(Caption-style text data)
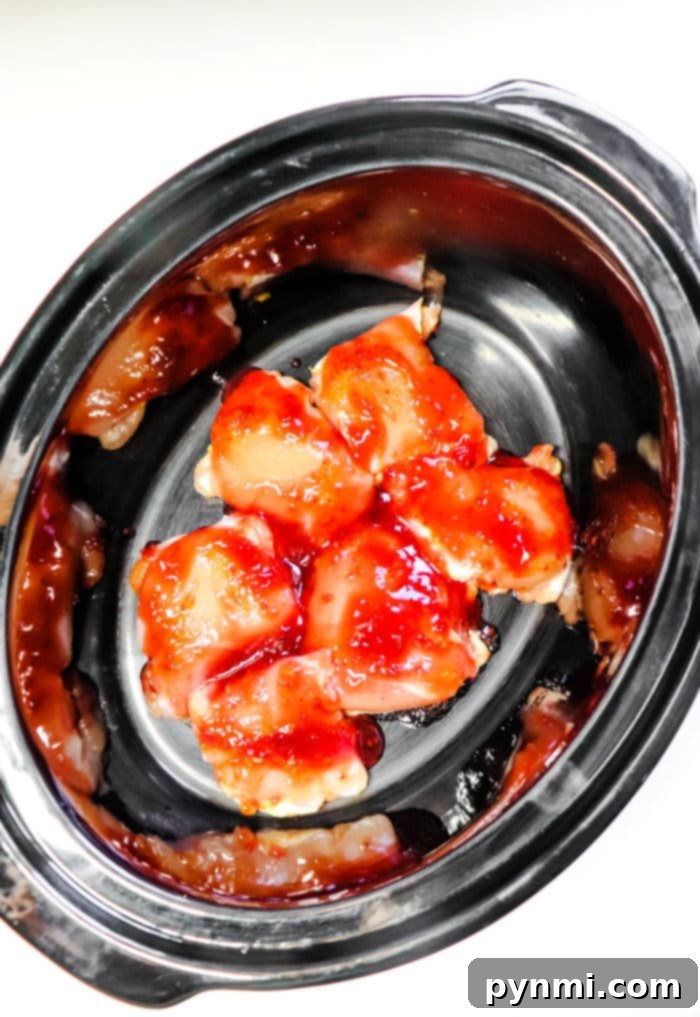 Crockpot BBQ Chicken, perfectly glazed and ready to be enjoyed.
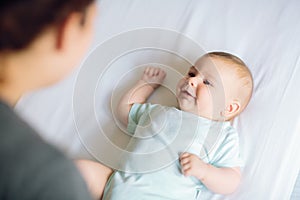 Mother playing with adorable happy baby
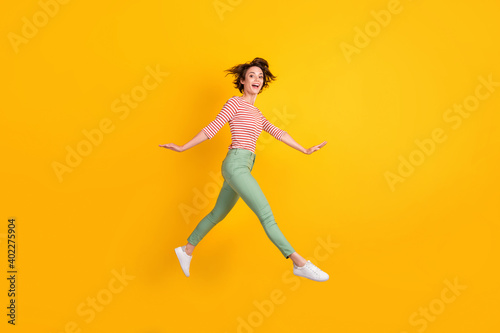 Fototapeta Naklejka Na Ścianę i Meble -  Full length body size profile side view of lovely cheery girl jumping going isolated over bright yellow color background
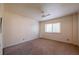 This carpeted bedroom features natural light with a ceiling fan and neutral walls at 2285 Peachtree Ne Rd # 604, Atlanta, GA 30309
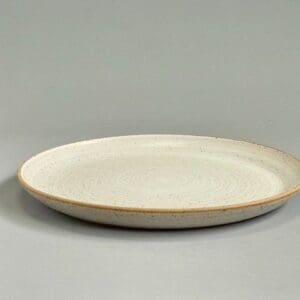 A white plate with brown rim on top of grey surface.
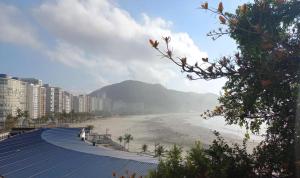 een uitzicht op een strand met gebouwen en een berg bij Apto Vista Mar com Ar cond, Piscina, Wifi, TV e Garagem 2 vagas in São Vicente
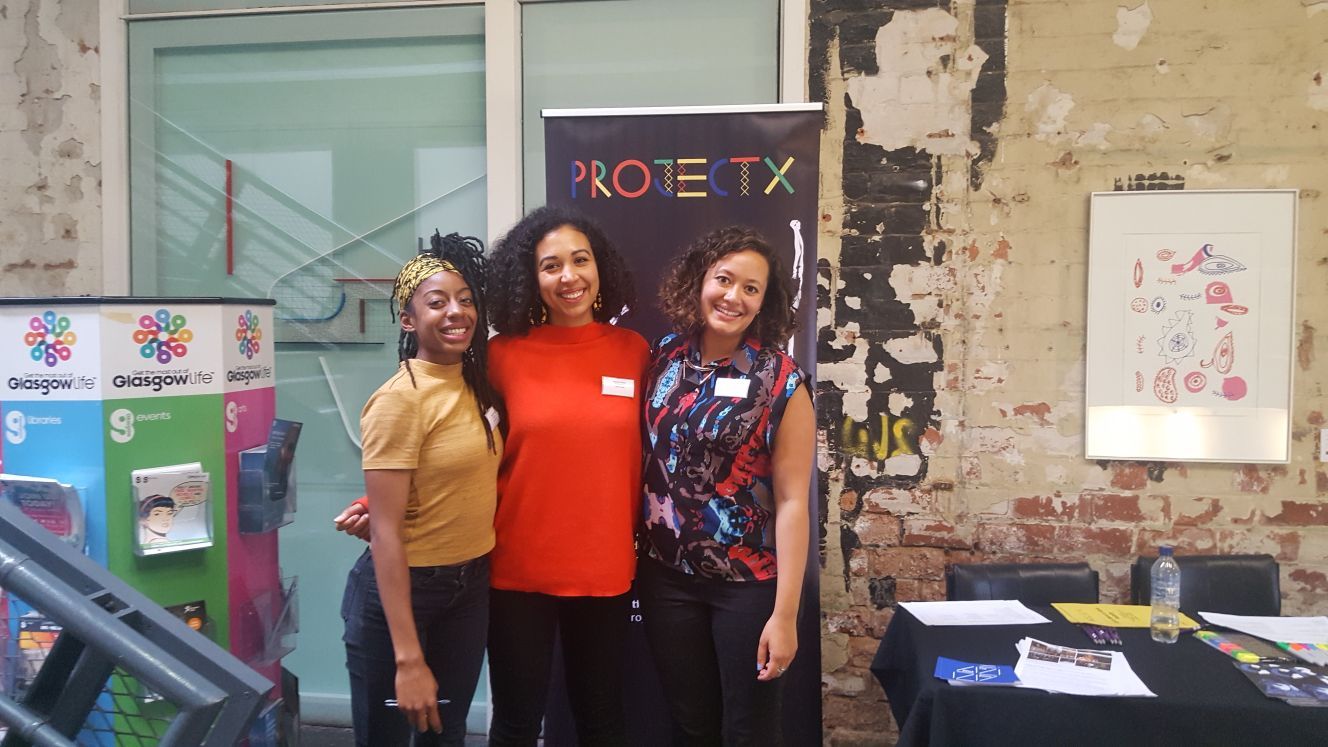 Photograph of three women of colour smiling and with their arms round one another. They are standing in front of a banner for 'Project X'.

**WHAT YOU WILL DO:** Write out exactly the lines that run from the one containing "This carpeted bedroom" to the last line of the entries above, both ends kept, pictures left out.

**TASK ANSWER:**
 This carpeted bedroom features natural light with a ceiling fan and neutral walls at 2285 Peachtree Ne Rd # 604, Atlanta, GA 30309
 A white plate with brown rim on top of grey surface.
 een uitzicht op een strand met gebouwen en een berg bij Apto Vista Mar com Ar cond, Piscina, Wifi, TV e Garagem 2 vagas in São Vicente
 Photograph of three women of colour smiling and with their arms round one another. They are standing in front of a banner for 'Project X'.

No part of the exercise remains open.